As a professor in Health and Sport Science at the University of Dayton, I teach students pursuing Sport Management majors. Sales and Fundraising is a class that I created in 2006 because it became apparent that these skills were needed for success upon graduation yet absent in the curriculum. Initially, most students were resistant and did not welcome this challenge because the lessons stretched students beyond their comfort zones. In my opinion, honed from 25 years in the classroom confronting similar reactions, that place of discomfort is where learning begins. Over the years, I developed the following three opportunities for my class:

Schleppi Fund
The first time this class was offered, each student was asked to set a goal of raising $1,000. Not one student achieved this goal. In fact, they averaged half that amount. It was obvious students needed a stronger push to embrace their goal and overcome the discomfort of asking others to donate, even for a valuable charitable cause.

The class decided to set up a scholarship, knowing they were going to plant a seed from which others would benefit. Their goal was for future Sport Management students to participate in a conference and get professional experience while they were still in college.

This gave rise to the John R. Schleppi Sport Management Career Enhancement Fund, named for a professor emeritus who was instrumental in coordinating the Sport Management major. The fund was designed to enable future Sport Management underclassmen to attend and/or present at industry conferences by providing the means to underwrite their participation. The winners are chosen by a panel of senior Sport Management students after evaluating each application.

The class of 2006 started the process of raising funds. Those cohorts were hoping to raise $25,000 in order for the fund to exist in perpetuity.

Today, the average student exceeds $1,000. One proud student posted a record of soliciting $2,400. At the time of this publication, 10 years after the first disbursement was awarded, the fund is valued at $101,200.

 

Eight Tips to Empower Students as Fundraisers

• Keep an open mind when it comes to how both you and your contacts value money.
• Explain the cause and state your personal sales goal.
• Share that you have received gifts in the amounts of $25 to $500, and that you personally gave $100.
• Reiterate that whatever amount of money they feel comfortable giving will be most appreciated.
• Realize you may hear "no" four times before you hear a "yes".
• Be persistent, as your contacts are busy, and a "no" is never personal.
• Remember that people may buy for two reasons: they believe in you and/or your cause.
• Ask for a referral, as they might know someone like-minded who would also believe in your cause.

Front Row
Seven years after initiating this class, The Front Row Foundation was added to the list of options. This organization can be described as "Make-a-Wish Foundation meets Tony Robbins." The goal of Front Row is to embrace the whole family as it fulfills wishes for those with medical hardships, and not just for one day. The impact on students of getting to know the person affected by their charitable contributions is profound and noticeable. For students, this is often the first time they have been challenged to think selflessly of the good they can do for others.

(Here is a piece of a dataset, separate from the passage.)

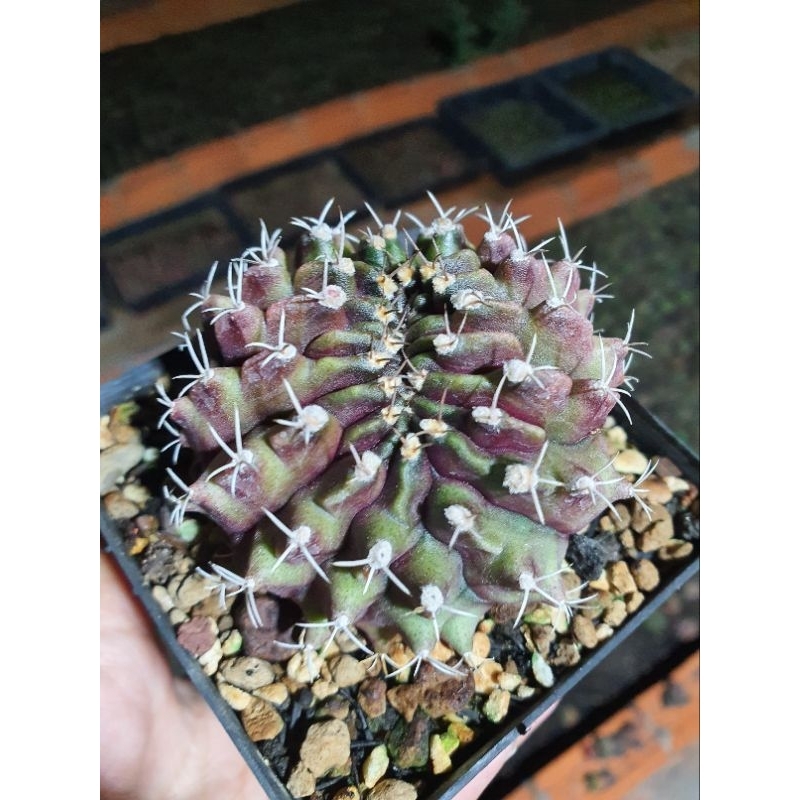 Xương rồng gym crest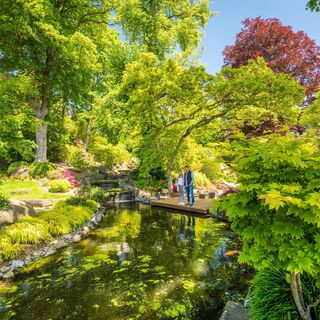 Japanischer Garten.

Students found it easier to request funds since the proceeds were being used for altruistic purposes. In addition to raising funds, one student leveraged his network to procure an autographed football from the Washington Redskins that was shared with a young recipient.

To date, the class has raised $84,410 and has impacted seven different people and their families.
 

Student View from the 'Front Row'

Going into this class, I was apprehensive. I had heard from upperclassmen that this was one of the most challenging classes in that you would be pushed to raise what seemed like an unfathomable amount of money. I was worried, and resistant, as I had no desire to work in either the sales or fundraising fields. I just wanted to complete this course and earn my credit. However, that's not how it played out. Instead, I was introduced to a whole new career path that I had previously overlooked, and I was given a chance to make a lasting impact on someone else.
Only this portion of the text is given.